Pradhan said the ministry has one month to decide on the report. "Government will take appropriate action," he said.
"Justice AP Shah has submitted a comprehensive report on gas migration issue. He has preliminary briefed us on report," he said without giving details.
The panel has given "some observations" on the report of the independent expert DeGolyer & MacNaughton (D&M) that established reservoir continuity between the KG-D6 and contiguous ONGC operated blocks.
Asked if the Shah panel, like the D&M report, had established that gas from ONGC block had migrated to KG-D6 fields, Pradhan said, "Yes."
The Shah Committee has "detailed economic and legal implications" of the gas migration under the signed Production Sharing Contract, he said, adding that the report would be made public after the ministry has studied it.

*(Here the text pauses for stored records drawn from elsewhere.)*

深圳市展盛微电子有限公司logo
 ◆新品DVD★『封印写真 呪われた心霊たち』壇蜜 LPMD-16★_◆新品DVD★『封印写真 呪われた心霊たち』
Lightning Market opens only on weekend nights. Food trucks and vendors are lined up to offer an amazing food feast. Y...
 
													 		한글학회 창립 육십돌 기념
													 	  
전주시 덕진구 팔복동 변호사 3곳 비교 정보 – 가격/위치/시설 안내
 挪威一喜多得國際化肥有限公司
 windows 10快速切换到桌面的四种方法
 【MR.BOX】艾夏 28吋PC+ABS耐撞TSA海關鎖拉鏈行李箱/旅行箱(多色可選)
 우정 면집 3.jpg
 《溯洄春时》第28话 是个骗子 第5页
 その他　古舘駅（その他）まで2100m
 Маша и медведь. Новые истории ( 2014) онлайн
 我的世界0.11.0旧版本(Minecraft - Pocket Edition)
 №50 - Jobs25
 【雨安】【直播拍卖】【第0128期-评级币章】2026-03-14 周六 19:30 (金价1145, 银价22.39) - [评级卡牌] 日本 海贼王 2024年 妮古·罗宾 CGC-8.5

"Allow me to get back to you with detailing of the report," he said.
D&M had in its November 2015 report indicated that as on March 31, 2015, 44.32 percent of the gas initially in place in Godavari PML and 34.71 percent in KG-DWN-98/2 (both of ONGC) had migrated to KG-D6 of RIL. The report projected a higher proportion of gas migration and its production through RIL operated KG-DWN-98/3 (KG-D6) block by end of 2019.
Pradhan said he had asked the Shah Committee was asked to look into legal, financial and contractual provisions on the gas migration row.
It was also asked to report any "acts of omission and commission" on part of all the stakeholders including RIL, ONGC, the Directorate General of Hydrocarbons and the government, he said.
RIL has 60 percent interest in KG-D6 block, while Niko Resources of Canada holds 10 percent stake. BP plc of UK holds the remaining 30 percent.
Government constituted the Shah panel on December 15, 2015 to look into the dispute between RIL and ONGC. The panel was to submit its report in three months but was given two extensions.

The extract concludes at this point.